- VCD cover
- Directed by: Jaya
- Written by: Jaya
- Dialogue by: Marudhuri Raja
- Produced by: BA Raju
- Starring: Baladitya; Suhasini;
- Cinematography: Poorna K.
- Music by: Vandemataram Srinivas
- Production company: Superhit Friends
- Release date: 26 November 2003;
- Running time: 139 minutes
- Country: India
- Language: Telugu
- Budget: ₹80 lakh

= Chantigadu =

Chantigadu is a 2003 Indian Telugu-language romantic drama film directed by Jaya and starring Baladitya in his lead debut and newcomer Suhasini with Saranya and Ahuti Prasad in supporting roles.

== Production ==
The shooting for the film began on 9 June 2003 in Hyderabad.

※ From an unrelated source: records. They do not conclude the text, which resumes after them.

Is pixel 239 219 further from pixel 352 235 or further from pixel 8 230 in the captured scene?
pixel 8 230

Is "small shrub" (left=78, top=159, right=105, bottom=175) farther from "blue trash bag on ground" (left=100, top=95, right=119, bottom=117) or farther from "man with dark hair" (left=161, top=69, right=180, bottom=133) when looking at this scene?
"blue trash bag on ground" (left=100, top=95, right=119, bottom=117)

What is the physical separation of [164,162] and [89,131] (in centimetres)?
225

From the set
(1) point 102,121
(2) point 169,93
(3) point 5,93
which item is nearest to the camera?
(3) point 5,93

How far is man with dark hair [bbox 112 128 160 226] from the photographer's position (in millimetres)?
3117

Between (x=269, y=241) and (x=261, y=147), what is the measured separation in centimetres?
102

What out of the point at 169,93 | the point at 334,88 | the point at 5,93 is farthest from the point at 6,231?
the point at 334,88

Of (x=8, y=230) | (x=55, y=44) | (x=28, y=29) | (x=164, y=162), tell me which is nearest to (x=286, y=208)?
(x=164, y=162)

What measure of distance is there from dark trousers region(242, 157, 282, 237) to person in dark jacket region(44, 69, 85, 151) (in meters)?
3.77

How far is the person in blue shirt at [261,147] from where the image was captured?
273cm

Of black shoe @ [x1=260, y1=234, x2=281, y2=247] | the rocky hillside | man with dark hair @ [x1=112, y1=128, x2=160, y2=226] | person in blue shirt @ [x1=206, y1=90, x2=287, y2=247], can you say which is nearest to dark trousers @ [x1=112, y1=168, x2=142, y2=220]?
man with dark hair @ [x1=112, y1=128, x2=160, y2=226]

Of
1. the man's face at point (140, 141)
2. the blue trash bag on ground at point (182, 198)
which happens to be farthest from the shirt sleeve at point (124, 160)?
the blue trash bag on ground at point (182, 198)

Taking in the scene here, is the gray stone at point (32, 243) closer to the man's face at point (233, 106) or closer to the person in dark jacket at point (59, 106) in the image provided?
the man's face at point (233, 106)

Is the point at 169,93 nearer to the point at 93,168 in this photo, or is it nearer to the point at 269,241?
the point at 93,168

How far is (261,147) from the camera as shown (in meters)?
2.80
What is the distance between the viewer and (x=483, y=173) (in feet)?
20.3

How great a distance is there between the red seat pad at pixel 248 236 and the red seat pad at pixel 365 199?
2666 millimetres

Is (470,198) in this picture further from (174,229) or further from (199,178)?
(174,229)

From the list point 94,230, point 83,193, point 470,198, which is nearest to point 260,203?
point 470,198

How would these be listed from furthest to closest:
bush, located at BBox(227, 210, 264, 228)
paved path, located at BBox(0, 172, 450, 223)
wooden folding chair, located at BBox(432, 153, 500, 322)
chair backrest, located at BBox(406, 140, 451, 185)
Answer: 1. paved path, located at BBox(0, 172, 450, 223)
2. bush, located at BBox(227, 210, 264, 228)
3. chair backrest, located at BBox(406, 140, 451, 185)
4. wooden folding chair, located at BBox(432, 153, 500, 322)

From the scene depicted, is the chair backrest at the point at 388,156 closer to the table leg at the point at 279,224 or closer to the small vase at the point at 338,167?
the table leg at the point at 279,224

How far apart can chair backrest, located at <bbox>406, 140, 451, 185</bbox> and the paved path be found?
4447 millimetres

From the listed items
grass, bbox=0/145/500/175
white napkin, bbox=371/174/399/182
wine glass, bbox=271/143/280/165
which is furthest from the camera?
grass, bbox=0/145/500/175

The song "Kokkoroko" was choreographed by the duo Venu-Pal and was shot on 20 June 2003.

== Soundtrack ==
The music was composed by Vandemataram Srinivas, and the lyrics were written by Bhuvana Chandra, Kasarla Shyam and Paidisetty Ram. The audio release function was held on 30 September 2003. The music CD was released by N. T. Rama Rao Jr. on 7 October 2003.

Track listing
| No. | Title | Writer(s) | Singer(s) | Length |
|---|---|---|---|---|
| 1. | "Swathi Muthyamy" |  | Karthik, Usha | 5:35 |
| 2. | "Chirugalilaa" |  | S. P. Charan, Usha | 4:23 |
| 3. | "Love Me Love Me" |  | Shreya Ghoshal | 4:56 |
| 4. | "Okkasari Pilichavante" |  | Udit Narayan, Mahalakshmi Iyer | 5:37 |
| 5. | "Siggulolike Seethalu" |  | Gangadhar, Sunitha | 5:16 |
| 6. | "Kokkoroko" | Kasarla Shyam | Shankar Mahadevan | 4:19 |
| 7. | "Seetha Koka Chilukalu" | Kasarla Shyam | S. P. Balasubrahmanyam | 5:46 |
| Total length: |  |  |  | 35:52 |

== Release ==
=== Reception ===
Jeevi of Idlebrain.com rated the film 3 1/4 out of 5 and wrote that "This film comes as a whiff of fresh air when we find every Telugu film that is releasing in recent times failing to appeal to the audiences".

=== Box office ===
The film was a box office success and ran for fifty days.